ミシマ社の話

第43回 「あいだ世代」のメディア論

2012.09.24更新

私は1975年生まれで、いま37歳です。
ちょうど「あいだ」世代にあたります。
いきなり、「ちょうど」なんて言い方をしましたが、けっして一般的な通称なわけではないのであしからず。わたしが勝手に言ってるだけです(しかも、つい数秒前、書いている最中に思いつきました)。
要はこういうことです。

バブル世代でもなく、ゆとり世代でもなく、その中間に位置するから「あいだ」世代。
「バブル・猛烈・ハイテク」な40歳代と、「低成長・ゆとり・ネット」が当たり前の20代半ば前後世代の「あいだ」、というわけです。
たしかに、同世代の人たちの声を聞くと、上を見ても、下を見ても、なんだかしっくりこないと思っている方が多いようです。
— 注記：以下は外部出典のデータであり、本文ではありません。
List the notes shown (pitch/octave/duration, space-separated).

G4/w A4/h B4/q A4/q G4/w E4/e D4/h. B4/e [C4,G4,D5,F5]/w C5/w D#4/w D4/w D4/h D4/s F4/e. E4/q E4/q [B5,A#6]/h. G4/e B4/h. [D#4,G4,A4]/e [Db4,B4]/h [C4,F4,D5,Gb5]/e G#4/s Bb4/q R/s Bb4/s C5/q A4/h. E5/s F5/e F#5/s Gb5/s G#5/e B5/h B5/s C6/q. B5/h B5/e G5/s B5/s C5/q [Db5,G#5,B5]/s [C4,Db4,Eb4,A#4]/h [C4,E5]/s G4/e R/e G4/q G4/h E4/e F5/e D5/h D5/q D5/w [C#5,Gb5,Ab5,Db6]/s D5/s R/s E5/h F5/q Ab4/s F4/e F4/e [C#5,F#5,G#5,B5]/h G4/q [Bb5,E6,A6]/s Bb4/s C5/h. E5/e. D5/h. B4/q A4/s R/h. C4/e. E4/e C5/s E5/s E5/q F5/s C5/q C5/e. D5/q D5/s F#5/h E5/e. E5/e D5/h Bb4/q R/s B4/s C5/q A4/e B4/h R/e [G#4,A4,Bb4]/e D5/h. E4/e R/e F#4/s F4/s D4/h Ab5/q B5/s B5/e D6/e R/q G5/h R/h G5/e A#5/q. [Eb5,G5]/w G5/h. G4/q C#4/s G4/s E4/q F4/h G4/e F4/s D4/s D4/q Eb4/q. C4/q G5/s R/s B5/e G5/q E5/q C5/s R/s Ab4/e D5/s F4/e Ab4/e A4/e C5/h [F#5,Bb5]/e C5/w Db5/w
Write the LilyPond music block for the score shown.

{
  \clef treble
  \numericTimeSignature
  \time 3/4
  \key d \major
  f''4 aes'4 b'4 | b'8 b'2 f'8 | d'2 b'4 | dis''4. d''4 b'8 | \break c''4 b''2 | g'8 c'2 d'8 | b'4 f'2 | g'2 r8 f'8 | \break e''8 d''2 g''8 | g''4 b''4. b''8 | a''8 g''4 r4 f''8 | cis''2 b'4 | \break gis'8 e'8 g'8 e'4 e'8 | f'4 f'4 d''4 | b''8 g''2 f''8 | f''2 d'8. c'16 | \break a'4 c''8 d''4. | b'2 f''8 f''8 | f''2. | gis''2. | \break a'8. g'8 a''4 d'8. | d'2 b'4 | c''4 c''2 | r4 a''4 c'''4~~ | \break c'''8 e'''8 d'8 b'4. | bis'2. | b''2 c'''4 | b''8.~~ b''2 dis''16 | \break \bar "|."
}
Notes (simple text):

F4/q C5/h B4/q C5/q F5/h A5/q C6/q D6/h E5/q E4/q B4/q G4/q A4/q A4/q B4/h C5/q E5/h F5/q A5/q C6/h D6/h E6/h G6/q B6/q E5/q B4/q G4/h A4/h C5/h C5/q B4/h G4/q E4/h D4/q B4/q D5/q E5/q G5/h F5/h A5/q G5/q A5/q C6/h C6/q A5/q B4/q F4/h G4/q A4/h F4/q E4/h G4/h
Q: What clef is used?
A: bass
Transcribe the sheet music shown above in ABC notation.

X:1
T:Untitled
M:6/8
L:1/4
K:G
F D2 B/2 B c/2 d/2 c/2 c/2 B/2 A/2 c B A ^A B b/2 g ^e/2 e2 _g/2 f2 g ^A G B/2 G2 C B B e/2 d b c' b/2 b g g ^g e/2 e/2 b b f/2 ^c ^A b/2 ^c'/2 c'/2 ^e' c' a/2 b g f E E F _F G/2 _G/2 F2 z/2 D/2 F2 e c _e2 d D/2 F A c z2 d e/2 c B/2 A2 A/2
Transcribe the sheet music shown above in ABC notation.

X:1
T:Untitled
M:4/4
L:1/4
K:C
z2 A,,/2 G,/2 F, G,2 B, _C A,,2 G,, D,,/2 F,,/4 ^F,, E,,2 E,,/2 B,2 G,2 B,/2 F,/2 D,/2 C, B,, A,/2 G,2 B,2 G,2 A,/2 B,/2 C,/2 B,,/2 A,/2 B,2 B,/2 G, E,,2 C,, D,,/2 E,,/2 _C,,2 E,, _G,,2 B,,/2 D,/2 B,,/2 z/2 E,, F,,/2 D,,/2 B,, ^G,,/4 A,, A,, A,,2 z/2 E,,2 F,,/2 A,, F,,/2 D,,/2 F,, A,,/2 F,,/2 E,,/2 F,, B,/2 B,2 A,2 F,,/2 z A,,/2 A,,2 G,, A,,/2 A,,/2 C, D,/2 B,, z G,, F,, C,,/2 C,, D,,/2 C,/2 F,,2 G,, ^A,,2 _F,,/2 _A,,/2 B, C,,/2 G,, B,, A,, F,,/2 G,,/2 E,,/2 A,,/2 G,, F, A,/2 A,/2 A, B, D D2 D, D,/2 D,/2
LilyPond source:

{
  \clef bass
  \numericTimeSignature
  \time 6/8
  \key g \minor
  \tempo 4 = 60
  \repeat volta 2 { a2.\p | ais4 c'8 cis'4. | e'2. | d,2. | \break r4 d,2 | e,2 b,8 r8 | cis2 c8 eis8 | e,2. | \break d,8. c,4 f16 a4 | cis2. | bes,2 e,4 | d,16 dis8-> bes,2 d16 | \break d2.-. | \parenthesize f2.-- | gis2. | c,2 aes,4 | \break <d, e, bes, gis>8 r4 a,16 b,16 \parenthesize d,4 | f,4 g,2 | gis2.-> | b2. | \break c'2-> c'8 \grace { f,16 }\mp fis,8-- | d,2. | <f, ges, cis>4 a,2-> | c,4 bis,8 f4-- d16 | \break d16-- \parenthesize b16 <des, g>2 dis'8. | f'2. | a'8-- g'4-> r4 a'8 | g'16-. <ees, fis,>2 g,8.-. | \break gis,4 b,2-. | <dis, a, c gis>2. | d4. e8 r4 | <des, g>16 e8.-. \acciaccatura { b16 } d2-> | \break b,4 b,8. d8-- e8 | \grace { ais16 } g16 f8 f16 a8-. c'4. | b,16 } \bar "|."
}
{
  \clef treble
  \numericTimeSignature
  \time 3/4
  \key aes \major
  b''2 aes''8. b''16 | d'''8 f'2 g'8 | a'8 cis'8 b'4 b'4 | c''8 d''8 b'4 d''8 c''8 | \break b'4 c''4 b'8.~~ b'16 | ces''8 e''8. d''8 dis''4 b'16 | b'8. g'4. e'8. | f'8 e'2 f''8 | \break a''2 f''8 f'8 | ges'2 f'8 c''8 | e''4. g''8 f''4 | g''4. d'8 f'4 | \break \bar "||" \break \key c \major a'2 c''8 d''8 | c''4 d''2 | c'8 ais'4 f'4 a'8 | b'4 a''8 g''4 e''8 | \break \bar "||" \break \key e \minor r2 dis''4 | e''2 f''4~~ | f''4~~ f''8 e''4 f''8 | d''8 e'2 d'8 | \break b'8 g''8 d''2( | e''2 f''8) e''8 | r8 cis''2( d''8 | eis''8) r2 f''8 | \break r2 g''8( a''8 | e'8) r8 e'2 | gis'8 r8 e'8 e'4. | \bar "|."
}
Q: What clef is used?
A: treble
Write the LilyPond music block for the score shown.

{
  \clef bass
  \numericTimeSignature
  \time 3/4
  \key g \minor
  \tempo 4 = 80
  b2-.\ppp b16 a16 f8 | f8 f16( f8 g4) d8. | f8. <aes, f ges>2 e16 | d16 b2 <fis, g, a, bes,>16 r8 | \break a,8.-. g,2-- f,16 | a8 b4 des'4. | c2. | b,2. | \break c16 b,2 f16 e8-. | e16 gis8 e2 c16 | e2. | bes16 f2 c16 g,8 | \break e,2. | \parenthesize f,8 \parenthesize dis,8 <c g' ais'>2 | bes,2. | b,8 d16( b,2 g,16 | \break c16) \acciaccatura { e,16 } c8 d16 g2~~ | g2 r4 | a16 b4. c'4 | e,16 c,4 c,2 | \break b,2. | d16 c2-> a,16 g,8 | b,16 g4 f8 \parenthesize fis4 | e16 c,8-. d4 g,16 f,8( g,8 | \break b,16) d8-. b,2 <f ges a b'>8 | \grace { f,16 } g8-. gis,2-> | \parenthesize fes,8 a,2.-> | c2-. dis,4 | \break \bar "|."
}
「働くこと」への向き合い方が異なるというか。

たとえば、先日「週刊ポスト」でとても面白い対談記事がありました。
『困ってるひと』の大野更紗さんと『毛のない生活』の山口ミルコさんとの対談なのですが、大野さんは現在28歳、ミルコさんはちょうど私の10歳上なので(たぶん)47歳。
で、私がちょうどお二人の「あいだ」の年月を生きていることになります。
3ページに及ぶお二人の対談記事を読んでいたら、急に自社の名前が出てきてびっくりしました(笑)。

大野私は『毛のない生活』の版元であるミシマ社が、なぜ出版界の、特にバブルを経験した世代にこんなにも愛されているんだろうって、以前から不思議でならなかったんですね。山口さん自身、会社の規模も知名度も関係なくイイ本を丁寧に作り続けていければいいという、同社のロハス的でNPO的というか、持続可能系なあり方に感激されていますが、私の世代にはむしろその方が、以前の山口さんの働き方より普通に映る。
山口そうか、大野さん世代にはそっちが普通なのね。
大野はい。そうしたミシマ社的営みに皆さんが惹かれるには何か理由があるんだろうと思っていたんですが、要するに普通に働いて"普通に生きて行くこと"が、実は今までの日本社会では非常に難しかった。(略)(「週刊ポスト」2012. 9. 10号)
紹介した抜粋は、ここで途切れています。